The Switch Statement Has Heavy Syntax
Just look at this syntax:
switch (day)
{
case WeekDay.Monday:
Console.WriteLine("Monday");
break;
case WeekDay.Tuesday:
Console.WriteLine("Tuesday");
break;
case WeekDay.Wednesday:
Console.WriteLine("Wednesday");
break;
case WeekDay.Thursday:
Console.WriteLine("Thursday");
break;
case WeekDay.Friday:
Console.WriteLine("Friday");
break;
case WeekDay.Saturday:
case WeekDay.Sunday:
Console.WriteLine("Weekend");
break;
default:
Console.WriteLine("Unknown day");
break;
}
It is littered with keywords (
switch,
case,
break,
default) and syntactic tokens like braces, columns and parenthesis. I know very few statements that are so heavy on syntax and all of them are language specific (for example Java anonymous classes). In addition the
switch statement has one very peculiar feature that is an exception from the rules of the C-style syntax – every case introduces a multi-line block without braces. Implicit blocks exist in C-style languages but they are always single-statement like the implicit blocks that can be used if your loop body is just a single statement.

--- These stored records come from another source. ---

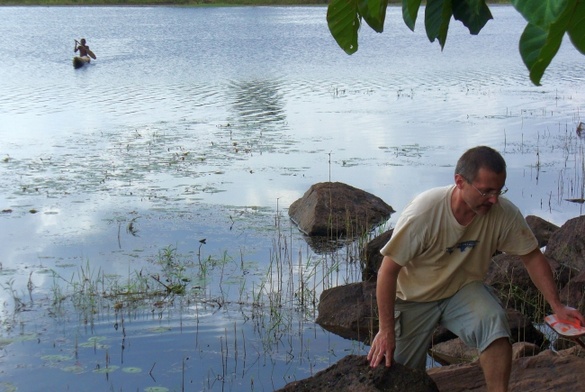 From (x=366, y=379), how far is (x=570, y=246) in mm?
3988

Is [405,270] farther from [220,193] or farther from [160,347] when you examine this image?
[220,193]

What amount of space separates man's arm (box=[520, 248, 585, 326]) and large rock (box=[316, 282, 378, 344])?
2341mm

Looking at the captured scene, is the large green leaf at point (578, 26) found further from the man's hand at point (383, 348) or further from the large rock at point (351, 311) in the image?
the large rock at point (351, 311)

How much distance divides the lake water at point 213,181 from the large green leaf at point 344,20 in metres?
3.58

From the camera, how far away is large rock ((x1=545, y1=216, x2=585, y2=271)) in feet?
25.3

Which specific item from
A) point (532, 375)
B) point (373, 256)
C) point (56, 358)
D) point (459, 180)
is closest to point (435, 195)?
point (459, 180)

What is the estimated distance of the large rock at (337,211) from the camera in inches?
373

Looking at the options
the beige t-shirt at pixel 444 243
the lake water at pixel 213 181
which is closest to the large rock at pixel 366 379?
the beige t-shirt at pixel 444 243

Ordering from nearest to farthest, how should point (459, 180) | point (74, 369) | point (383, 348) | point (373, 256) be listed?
point (459, 180) → point (383, 348) → point (74, 369) → point (373, 256)

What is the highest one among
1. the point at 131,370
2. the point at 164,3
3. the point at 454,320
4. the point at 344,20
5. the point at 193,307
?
the point at 164,3

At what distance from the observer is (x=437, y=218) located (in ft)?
14.3

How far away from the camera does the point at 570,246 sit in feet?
25.7

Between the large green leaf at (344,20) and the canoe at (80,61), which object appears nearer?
the large green leaf at (344,20)

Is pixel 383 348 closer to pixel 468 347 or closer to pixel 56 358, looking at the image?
pixel 468 347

It Is Easy to Make Mistakes with the Switch Statement
The most common mistakes in some popular C-style languages (C/C++, Java) is to forget the
break at the end of a
case statement. This is known as fall-through and is especially nasty since in most cases it will not even result in runtime error but in broken data.

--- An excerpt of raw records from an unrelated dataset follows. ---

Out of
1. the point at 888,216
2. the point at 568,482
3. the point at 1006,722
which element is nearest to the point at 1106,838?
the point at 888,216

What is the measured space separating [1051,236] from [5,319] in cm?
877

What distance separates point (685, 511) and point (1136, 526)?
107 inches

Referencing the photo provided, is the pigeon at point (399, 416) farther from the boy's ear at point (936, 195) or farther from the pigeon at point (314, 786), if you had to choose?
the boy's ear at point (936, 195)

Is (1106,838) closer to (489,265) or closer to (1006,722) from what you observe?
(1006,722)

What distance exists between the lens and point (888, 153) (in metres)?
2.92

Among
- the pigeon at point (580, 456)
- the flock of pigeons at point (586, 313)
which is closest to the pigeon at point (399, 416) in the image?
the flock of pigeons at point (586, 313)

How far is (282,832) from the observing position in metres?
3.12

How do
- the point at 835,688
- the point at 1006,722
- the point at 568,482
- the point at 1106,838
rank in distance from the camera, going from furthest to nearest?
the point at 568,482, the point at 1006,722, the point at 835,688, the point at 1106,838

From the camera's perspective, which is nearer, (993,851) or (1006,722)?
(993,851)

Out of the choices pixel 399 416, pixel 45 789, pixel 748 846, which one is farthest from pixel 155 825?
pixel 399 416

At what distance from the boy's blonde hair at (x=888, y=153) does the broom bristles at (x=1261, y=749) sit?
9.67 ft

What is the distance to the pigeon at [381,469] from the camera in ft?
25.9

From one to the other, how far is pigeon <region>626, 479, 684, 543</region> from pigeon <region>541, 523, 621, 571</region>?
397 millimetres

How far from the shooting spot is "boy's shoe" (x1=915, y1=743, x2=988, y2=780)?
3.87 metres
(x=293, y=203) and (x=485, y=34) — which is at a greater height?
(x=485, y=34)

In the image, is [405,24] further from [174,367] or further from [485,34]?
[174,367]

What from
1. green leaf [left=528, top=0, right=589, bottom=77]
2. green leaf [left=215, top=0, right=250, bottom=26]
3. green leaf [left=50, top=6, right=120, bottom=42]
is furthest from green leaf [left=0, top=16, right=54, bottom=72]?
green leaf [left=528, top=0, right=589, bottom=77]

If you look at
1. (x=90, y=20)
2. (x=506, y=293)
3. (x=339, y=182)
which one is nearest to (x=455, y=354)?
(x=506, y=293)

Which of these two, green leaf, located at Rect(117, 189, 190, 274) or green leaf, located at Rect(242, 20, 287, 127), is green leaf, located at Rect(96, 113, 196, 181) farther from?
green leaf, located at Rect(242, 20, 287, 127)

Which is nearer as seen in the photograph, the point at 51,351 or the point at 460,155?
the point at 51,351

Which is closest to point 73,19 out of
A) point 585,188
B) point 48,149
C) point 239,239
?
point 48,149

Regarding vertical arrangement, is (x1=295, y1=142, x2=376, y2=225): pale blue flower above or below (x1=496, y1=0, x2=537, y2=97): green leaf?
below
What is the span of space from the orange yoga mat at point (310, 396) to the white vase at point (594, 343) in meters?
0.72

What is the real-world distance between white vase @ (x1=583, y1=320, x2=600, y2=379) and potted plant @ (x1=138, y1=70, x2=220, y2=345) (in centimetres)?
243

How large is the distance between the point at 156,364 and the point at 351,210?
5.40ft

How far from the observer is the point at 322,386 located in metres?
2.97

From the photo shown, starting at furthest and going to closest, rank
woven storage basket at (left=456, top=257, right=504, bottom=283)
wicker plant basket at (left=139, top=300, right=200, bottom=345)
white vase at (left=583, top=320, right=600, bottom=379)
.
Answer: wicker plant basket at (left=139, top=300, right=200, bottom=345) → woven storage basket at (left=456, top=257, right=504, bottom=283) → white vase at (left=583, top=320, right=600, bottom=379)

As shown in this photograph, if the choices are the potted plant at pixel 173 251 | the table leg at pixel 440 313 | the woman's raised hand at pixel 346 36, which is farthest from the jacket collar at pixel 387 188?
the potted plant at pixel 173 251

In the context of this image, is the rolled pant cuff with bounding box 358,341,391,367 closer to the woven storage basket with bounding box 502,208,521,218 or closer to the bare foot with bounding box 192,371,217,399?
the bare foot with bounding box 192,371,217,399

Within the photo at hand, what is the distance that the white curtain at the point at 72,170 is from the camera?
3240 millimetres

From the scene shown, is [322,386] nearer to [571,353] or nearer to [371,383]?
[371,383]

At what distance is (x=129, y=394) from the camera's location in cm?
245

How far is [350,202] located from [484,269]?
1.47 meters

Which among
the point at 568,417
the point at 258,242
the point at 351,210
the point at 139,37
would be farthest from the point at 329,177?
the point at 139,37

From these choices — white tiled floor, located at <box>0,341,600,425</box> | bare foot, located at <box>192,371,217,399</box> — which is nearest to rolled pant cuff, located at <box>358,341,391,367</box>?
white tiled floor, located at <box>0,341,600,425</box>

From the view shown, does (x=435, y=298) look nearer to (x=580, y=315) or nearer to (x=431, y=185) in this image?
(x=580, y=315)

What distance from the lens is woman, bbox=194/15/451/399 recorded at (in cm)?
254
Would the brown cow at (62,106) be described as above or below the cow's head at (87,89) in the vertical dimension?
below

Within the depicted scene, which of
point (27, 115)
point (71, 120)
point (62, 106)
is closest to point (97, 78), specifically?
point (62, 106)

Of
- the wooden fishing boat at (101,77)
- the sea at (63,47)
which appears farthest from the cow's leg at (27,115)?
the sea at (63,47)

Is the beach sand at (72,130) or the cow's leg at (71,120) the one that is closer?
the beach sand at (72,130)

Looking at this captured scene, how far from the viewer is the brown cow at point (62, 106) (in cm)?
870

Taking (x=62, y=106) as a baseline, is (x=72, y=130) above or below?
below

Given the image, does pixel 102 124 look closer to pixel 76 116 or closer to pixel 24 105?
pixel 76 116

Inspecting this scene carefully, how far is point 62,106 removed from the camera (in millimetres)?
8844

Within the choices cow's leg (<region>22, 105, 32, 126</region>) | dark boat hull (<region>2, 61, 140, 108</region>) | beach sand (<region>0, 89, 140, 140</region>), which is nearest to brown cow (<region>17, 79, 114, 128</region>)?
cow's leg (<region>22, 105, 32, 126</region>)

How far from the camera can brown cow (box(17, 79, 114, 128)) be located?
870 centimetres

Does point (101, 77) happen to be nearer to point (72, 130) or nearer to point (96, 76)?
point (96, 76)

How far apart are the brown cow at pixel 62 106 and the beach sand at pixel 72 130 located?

The Switch Statement in C#
C# prevents this most common mistake by requiring a
break for every non-empty
case label. This leaves us with the obvious question what to do if the fall-through is the desired behavior. First of all it should be obvious that fall-through is rarely the desired behavior so it should not be the default. The actual problem is easily solved if we know that C# does not require specifically
break to be used with non-empty
case labels but requires some kind of unconditional jump. The unconditional jump is most commonly a
break statement but it can also be a
return,
throw,
goto or even a
continue statement for an enclosing loop. To solve the problem we simply use a goto like this:
switch (day)
{
case WeekDay.Monday:
case WeekDay.Tuesday:
case WeekDay.Wednesday:
case WeekDay.Thursday:
case WeekDay.Friday:
Console.WriteLine("Work day");
break;
case WeekDay.Saturday:
Console.WriteLine("First day of");
goto case WeekDay.Sunday;
case WeekDay.Sunday:
Console.WriteLine("Weekend");
break;
}
This solves one problem but there is another. If a
switch has no sensible default the
default case can be skipped. This is especially dangerous with enums because if a new enum value is added later it would result in silent error where no
case will be executed but potentially no error will occur. Ideally we want a compile-time error in this case like the one provided by F#'s match statement but obviously we cannot achieve this. What we can achieve is turn the silent error into a runtime error by adding a
default label that throws an exception. Looking at a
switch statement that handles the famous
Boolean enum.
switch(b)
{
case Bool.True:
//Do something
break;
case Bool.False:
case Bool.FileNotFound:
//Do something else
break;
default:
throw new Exception("Unexpected Boolean value");
//note we don’t need a break after a throw
}
This way if we add another Boolean value to the enum like AccessDenied we would at least get runtime error if we forget to change the
switch statement which is certainly better than the silent error that would happen if we did not have a
default.
Yes, I do realize this was incredibly long way to say "Always write a
default case to your
switch statements and throw an exception if you do not have suitable logic".